I've rowed both rafts, and here's been my experiences with both brands. The stealthcraft is a true out west style raft, it's a little on the heavy side for a raft (but the bulk of the weight is for the frame and floor) and can be tough to row in heavy winds, but you have a ton of storage and room in and its very stable. It easily fits 3 people, gear, etc... and isn't a bad option for a small water vessel. The flycraft is much smaller (at least it seemed that way to me), and lighter. The floor is some kind of suction cup thing, and took a little bit for me to get used to, but it is a true small water boat. You're limited on storage on the boat, with 2 other people, gear, etc.. my buddies and I had some minor issues on where we were going to stack things. But we took the fly craft down the boardman, and the south branch and it felt like we were in a river boat. Easy to get down that small water in the fly craft. In the end it really depends on what you're looking for. Also, maybe look into Watermaster. A lot of guys out west use them, and they're supposed to be a pretty awesome little raft.


----------



## Lamarsh

BeanOFish said:


> I've rowed both rafts, and here's been my experiences with both brands. The stealthcraft is a true out west style raft, it's a little on the heavy side for a raft (but the bulk of the weight is for the frame and floor) and can be tough to row in heavy winds, but you have a ton of storage and room in and its very stable. It easily fits 3 people, gear, etc... and isn't a bad option for a small water vessel. The flycraft is much smaller (at least it seemed that way to me), and lighter. The floor is some kind of suction cup thing, and took a little bit for me to get used to, but it is a true small water boat. You're limited on storage on the boat, with 2 other people, gear, etc.. my buddies and I had some minor issues on where we were going to stack things. But we took the fly craft down the boardman, and the south branch and it felt like we were in a river boat. Easy to get down that small water in the fly craft. In the end it really depends on what you're looking for. Also, maybe look into Watermaster. A lot of guys out west use them, and they're supposed to be a pretty awesome little raft.

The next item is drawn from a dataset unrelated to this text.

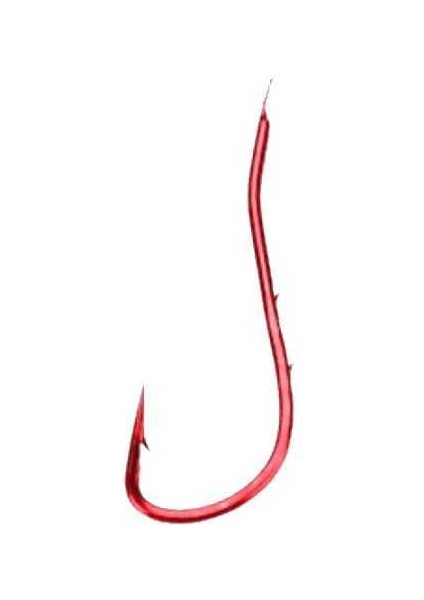 Ryusen W-Hold Red F-987 Serisi Olta Iğnesi Standart-6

Thanks a ton, exactly the info I was looking for. I already have a 16' power drifter that is limited in the water it can be used in due to its size, so it sounds like the Flycraft may be a better option. I'm looking for a smaller item in the quiver, as my UFO is plenty big for 3 people and gear. I grew up poling Au Sable boats and love fishing from them, but their 21-24' length creates a storage problem for me, and my current idea is this raft would sort of solve that issue. Nothing replaces the Au Sable boat, but we can come close. I used to have a 16' Towee skiff that poled darn well, not as well as an Au Sable boat but close enough not to mind.


----------



## Steve

I recently ordered a 16' ufo with the 40/30 yamaha. Looking forward to taking delivery and getting it on the water and posting a review.


----------



## Lamarsh

Drew Gilchrist said:


> Looking at the Towee Calusa and Stealthcraft UFO


Coincidentally enough, I owned a Towee Calusa and got rid of it for a Stealthcraft UFO.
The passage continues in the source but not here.